Cordy looked at Angel, who rocked on his heels, tense and
fidgety. “Won’t that make it even harder to get Dennis out?” she said.
“That’s the problem,” Angel said. “Dennis doesn’t
*want* to come out.”
Wesley’s face fell. “Of course. That’s why the
unbinding didn’t work.” He stared off into space, thinking. “But if my
assumptions are correct, the longer we leave it, the harder it will be. Angel,
what do you suggest?”
“I don’t care what you have to do,” Angel said. “I
want my body back.”
“We’ll do our best. I promise,” Wesley said, his voice
soft. He reached for another book.
Cordy glanced down at herself, smeared with dirt, soot from
the books, blood from the bathtub, and little bits of ectoplasmic residue which
she’d had to scrub off her front door. She slid off the table. “I’m going
to try having a long, hot bath. Without the demon-y interruptions, this time.”
“Hmmm,” Wes mumbled, already buried in his research
again.
***
Cordy turned on the bathtub tap and waited, breath held, to
see what would happen.
Water, warm and clear, shot free.
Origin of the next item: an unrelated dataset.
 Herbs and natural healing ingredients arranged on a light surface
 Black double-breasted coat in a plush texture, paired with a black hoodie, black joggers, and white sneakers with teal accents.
Her shoulders dropped
somewhere south of her ears. “Whew,” she said. “No more Exorcist.” She
shook her head and glanced up at the ceiling. “You were killing the last
decent towels I had left.”
She dropped the plug in and turned to the mirror to brush her
hair. While she brushed, her gaze was drawn to the mirror and over her shoulder,
where she could see that there wasn’t any steam rising from the tap.
“Hotter,” she said, under her breath. Of course nothing
happened, just as she’d known it wouldn’t. But the habit was ingrained in
her now. She depended on Dennis to take care of her, almost as she’d come to
depend on Angel. Not having him hovering near her felt wrong, empty.
Her heart dropped. No one to pick up her clothes or run her
bath or scrub her back. No one to comfort her when she had a vision or got
lonely in the middle of the night.
Instead, he sat out there on the couch in Angel’s body,
making Angel look like a self-confidence-challenged high school boy. “And what
is up with that?” But, of course, it was all Polygrip’s fault. Who could
grow up to be a man when his mother kept his balls in her purse?
Cordy slid into the water and adjusted the taps on the way
down. She let her hair float around her and soaked off the sticky remnants of
blood, of ectoplasm, and of the rotten-egg stench left behind by the expanding
ghost.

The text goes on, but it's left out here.